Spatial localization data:
<<<<
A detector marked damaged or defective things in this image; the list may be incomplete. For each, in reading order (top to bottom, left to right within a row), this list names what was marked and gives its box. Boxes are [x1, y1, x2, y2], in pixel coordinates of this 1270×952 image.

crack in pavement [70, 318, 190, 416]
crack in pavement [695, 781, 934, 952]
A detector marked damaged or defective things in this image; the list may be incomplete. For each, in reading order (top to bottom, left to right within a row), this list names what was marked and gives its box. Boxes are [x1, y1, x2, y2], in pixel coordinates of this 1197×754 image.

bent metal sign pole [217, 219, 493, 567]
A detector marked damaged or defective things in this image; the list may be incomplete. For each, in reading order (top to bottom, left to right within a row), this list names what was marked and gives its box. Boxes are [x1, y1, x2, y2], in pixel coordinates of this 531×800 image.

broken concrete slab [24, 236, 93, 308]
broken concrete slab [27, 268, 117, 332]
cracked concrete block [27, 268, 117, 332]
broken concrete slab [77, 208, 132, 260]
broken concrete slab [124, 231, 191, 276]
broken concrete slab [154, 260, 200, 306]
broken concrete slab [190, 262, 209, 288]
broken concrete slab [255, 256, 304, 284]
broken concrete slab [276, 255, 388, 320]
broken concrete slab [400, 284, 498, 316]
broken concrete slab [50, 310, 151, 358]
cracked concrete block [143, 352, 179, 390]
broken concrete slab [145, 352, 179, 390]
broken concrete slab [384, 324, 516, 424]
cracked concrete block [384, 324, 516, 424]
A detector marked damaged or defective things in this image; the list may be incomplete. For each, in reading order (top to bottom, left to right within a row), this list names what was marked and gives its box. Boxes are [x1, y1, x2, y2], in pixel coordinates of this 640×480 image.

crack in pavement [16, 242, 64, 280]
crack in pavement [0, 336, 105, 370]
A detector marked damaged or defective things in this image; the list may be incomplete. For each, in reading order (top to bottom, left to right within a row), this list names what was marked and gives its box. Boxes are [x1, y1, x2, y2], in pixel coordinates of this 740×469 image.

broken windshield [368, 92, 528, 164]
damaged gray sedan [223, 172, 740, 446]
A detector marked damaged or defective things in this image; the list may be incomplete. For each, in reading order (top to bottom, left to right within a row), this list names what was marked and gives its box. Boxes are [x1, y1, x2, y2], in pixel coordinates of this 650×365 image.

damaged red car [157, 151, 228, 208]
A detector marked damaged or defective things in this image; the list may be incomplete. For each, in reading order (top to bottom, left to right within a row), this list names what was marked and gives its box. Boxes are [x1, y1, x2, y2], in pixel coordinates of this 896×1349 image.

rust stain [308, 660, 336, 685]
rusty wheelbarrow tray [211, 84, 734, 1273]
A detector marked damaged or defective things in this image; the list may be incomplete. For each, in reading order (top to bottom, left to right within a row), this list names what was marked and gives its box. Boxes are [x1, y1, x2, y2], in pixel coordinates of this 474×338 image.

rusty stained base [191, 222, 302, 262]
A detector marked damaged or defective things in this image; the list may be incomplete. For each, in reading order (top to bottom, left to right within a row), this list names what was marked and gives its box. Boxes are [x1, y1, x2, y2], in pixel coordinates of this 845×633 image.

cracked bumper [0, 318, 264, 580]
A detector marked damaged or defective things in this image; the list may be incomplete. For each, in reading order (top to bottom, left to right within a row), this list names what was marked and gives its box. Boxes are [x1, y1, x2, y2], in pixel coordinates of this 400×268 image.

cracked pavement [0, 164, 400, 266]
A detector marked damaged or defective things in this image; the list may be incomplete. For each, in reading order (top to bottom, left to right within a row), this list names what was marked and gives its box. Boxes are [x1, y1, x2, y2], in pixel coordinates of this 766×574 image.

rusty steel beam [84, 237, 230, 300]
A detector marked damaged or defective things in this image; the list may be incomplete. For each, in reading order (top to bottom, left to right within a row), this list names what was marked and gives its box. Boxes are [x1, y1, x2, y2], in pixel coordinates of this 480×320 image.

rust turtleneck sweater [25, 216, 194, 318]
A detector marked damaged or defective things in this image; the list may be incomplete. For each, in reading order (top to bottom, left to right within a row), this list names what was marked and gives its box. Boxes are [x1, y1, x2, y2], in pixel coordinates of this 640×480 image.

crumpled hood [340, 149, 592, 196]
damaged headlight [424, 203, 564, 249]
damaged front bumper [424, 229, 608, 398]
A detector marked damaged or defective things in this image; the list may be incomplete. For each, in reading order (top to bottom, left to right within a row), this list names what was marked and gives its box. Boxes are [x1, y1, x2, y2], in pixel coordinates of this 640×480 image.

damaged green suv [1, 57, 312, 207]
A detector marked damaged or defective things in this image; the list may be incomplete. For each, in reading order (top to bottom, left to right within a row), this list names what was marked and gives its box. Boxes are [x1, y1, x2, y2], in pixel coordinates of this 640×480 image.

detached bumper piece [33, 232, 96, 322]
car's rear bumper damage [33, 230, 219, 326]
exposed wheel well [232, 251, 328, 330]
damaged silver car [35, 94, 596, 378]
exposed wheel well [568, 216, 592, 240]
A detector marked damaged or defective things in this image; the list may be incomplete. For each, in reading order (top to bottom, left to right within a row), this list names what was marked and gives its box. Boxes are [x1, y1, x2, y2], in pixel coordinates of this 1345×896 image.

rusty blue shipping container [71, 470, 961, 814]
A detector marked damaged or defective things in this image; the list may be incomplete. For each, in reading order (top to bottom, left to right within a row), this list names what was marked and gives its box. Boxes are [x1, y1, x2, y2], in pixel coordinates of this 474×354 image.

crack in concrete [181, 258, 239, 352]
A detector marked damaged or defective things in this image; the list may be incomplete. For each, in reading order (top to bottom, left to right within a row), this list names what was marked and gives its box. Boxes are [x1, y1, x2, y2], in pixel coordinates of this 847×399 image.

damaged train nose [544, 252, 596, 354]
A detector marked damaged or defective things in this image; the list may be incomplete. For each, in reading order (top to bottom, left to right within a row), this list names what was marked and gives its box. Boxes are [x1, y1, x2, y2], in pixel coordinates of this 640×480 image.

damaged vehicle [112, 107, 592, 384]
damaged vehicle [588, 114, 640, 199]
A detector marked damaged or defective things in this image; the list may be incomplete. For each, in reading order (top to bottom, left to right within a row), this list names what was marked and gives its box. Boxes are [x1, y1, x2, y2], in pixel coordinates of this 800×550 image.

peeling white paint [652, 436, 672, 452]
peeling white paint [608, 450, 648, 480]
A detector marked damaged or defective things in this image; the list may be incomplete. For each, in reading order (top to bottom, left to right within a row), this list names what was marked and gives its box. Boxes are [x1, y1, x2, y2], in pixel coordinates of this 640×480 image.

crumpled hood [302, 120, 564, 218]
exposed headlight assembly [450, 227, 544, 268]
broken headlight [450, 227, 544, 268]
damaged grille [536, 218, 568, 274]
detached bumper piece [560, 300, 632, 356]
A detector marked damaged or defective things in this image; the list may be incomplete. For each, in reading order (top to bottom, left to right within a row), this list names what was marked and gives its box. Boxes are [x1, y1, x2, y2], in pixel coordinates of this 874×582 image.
>>>>
§ **GOAL OF THE EXERCISE**
The records are to be repeated in full, exactly as they stand.

§ **SOLUTION FOR THIS TASK**
A detector marked damaged or defective things in this image; the list may be incomplete. For each, in reading order (top to bottom, left to right within a row), this list names what was marked and gives its box. Boxes are [x1, y1, x2, y2], in pixel coordinates of this 1270×952 image.

crack in pavement [70, 318, 190, 416]
crack in pavement [695, 781, 934, 952]
A detector marked damaged or defective things in this image; the list may be incomplete. For each, in reading order (top to bottom, left to right within a row), this list names what was marked and gives its box. Boxes are [x1, y1, x2, y2], in pixel coordinates of this 1197×754 image.

bent metal sign pole [217, 219, 493, 567]
A detector marked damaged or defective things in this image; the list may be incomplete. For each, in reading order (top to bottom, left to right within a row), this list names what was marked and gives its box. Boxes are [x1, y1, x2, y2], in pixel coordinates of this 531×800 image.

broken concrete slab [24, 236, 93, 308]
broken concrete slab [27, 268, 117, 332]
cracked concrete block [27, 268, 117, 332]
broken concrete slab [77, 208, 132, 260]
broken concrete slab [124, 231, 191, 276]
broken concrete slab [154, 260, 200, 306]
broken concrete slab [190, 262, 209, 288]
broken concrete slab [255, 256, 304, 284]
broken concrete slab [276, 255, 388, 320]
broken concrete slab [400, 284, 498, 316]
broken concrete slab [50, 310, 151, 358]
cracked concrete block [143, 352, 179, 390]
broken concrete slab [145, 352, 179, 390]
broken concrete slab [384, 324, 516, 424]
cracked concrete block [384, 324, 516, 424]
A detector marked damaged or defective things in this image; the list may be incomplete. For each, in reading order (top to bottom, left to right within a row), this list names what was marked and gives its box. Boxes are [x1, y1, x2, y2], in pixel coordinates of this 640×480 image.

crack in pavement [16, 242, 64, 280]
crack in pavement [0, 336, 105, 370]
A detector marked damaged or defective things in this image; the list may be incomplete. For each, in reading order (top to bottom, left to right within a row), this list names what was marked and gives its box. Boxes are [x1, y1, x2, y2], in pixel coordinates of this 740×469 image.

broken windshield [368, 92, 528, 164]
damaged gray sedan [223, 172, 740, 446]
A detector marked damaged or defective things in this image; the list may be incomplete. For each, in reading order (top to bottom, left to right within a row), this list names what was marked and gives its box. Boxes are [x1, y1, x2, y2], in pixel coordinates of this 650×365 image.

damaged red car [157, 151, 228, 208]
A detector marked damaged or defective things in this image; the list may be incomplete. For each, in reading order (top to bottom, left to right within a row), this list names what was marked and gives its box. Boxes are [x1, y1, x2, y2], in pixel coordinates of this 896×1349 image.

rust stain [308, 660, 336, 685]
rusty wheelbarrow tray [211, 84, 734, 1273]
A detector marked damaged or defective things in this image; the list may be incomplete. For each, in reading order (top to bottom, left to right within a row), this list names what was marked and gives its box. Boxes are [x1, y1, x2, y2], in pixel coordinates of this 474×338 image.

rusty stained base [191, 222, 302, 262]
A detector marked damaged or defective things in this image; the list may be incomplete. For each, in reading order (top to bottom, left to right within a row), this list names what was marked and gives its box. Boxes are [x1, y1, x2, y2], in pixel coordinates of this 845×633 image.

cracked bumper [0, 318, 264, 580]
A detector marked damaged or defective things in this image; the list may be incomplete. For each, in reading order (top to bottom, left to right within a row), this list names what was marked and gives its box. Boxes are [x1, y1, x2, y2], in pixel coordinates of this 400×268 image.

cracked pavement [0, 164, 400, 266]
A detector marked damaged or defective things in this image; the list may be incomplete. For each, in reading order (top to bottom, left to right within a row), this list names what was marked and gives its box. Boxes are [x1, y1, x2, y2], in pixel coordinates of this 766×574 image.

rusty steel beam [84, 237, 230, 300]
A detector marked damaged or defective things in this image; the list may be incomplete. For each, in reading order (top to bottom, left to right within a row), this list names what was marked and gives its box. Boxes are [x1, y1, x2, y2], in pixel coordinates of this 480×320 image.

rust turtleneck sweater [25, 216, 194, 318]
A detector marked damaged or defective things in this image; the list may be incomplete. For each, in reading order (top to bottom, left to right within a row), this list names what was marked and gives its box. Boxes are [x1, y1, x2, y2], in pixel coordinates of this 640×480 image.

crumpled hood [340, 149, 592, 196]
damaged headlight [424, 203, 564, 249]
damaged front bumper [424, 229, 608, 398]
A detector marked damaged or defective things in this image; the list may be incomplete. For each, in reading order (top to bottom, left to right within a row), this list names what was marked and gives its box. Boxes are [x1, y1, x2, y2], in pixel coordinates of this 640×480 image.

damaged green suv [1, 57, 312, 207]
A detector marked damaged or defective things in this image; the list may be incomplete. For each, in reading order (top to bottom, left to right within a row), this list names what was marked and gives its box. Boxes are [x1, y1, x2, y2], in pixel coordinates of this 640×480 image.

detached bumper piece [33, 232, 96, 322]
car's rear bumper damage [33, 230, 219, 326]
exposed wheel well [232, 251, 328, 330]
damaged silver car [35, 94, 596, 378]
exposed wheel well [568, 216, 592, 240]
A detector marked damaged or defective things in this image; the list may be incomplete. For each, in reading order (top to bottom, left to right within a row), this list names what was marked and gives its box. Boxes are [x1, y1, x2, y2], in pixel coordinates of this 1345×896 image.

rusty blue shipping container [71, 470, 961, 814]
A detector marked damaged or defective things in this image; the list may be incomplete. For each, in reading order (top to bottom, left to right within a row), this list names what was marked and gives its box. Boxes are [x1, y1, x2, y2], in pixel coordinates of this 474×354 image.

crack in concrete [181, 258, 239, 352]
A detector marked damaged or defective things in this image; the list may be incomplete. For each, in reading order (top to bottom, left to right within a row), this list names what was marked and gives its box. Boxes are [x1, y1, x2, y2], in pixel coordinates of this 847×399 image.

damaged train nose [544, 252, 596, 354]
A detector marked damaged or defective things in this image; the list may be incomplete. For each, in reading order (top to bottom, left to right within a row), this list names what was marked and gives its box. Boxes are [x1, y1, x2, y2], in pixel coordinates of this 640×480 image.

damaged vehicle [112, 107, 592, 384]
damaged vehicle [588, 114, 640, 199]
A detector marked damaged or defective things in this image; the list may be incomplete. For each, in reading order (top to bottom, left to right within a row), this list names what was marked and gives its box. Boxes are [x1, y1, x2, y2], in pixel coordinates of this 800×550 image.

peeling white paint [652, 436, 672, 452]
peeling white paint [608, 450, 648, 480]
A detector marked damaged or defective things in this image; the list may be incomplete. For each, in reading order (top to bottom, left to right within a row), this list names what was marked and gives its box. Boxes are [x1, y1, x2, y2], in pixel coordinates of this 640×480 image.

crumpled hood [302, 120, 564, 218]
exposed headlight assembly [450, 227, 544, 268]
broken headlight [450, 227, 544, 268]
damaged grille [536, 218, 568, 274]
detached bumper piece [560, 300, 632, 356]
A detector marked damaged or defective things in this image; the list may be incomplete. For each, in reading order (top to bottom, left to right within a row), this list names what was marked and gives its box. Boxes are [x1, y1, x2, y2], in pixel coordinates of this 874×582 image.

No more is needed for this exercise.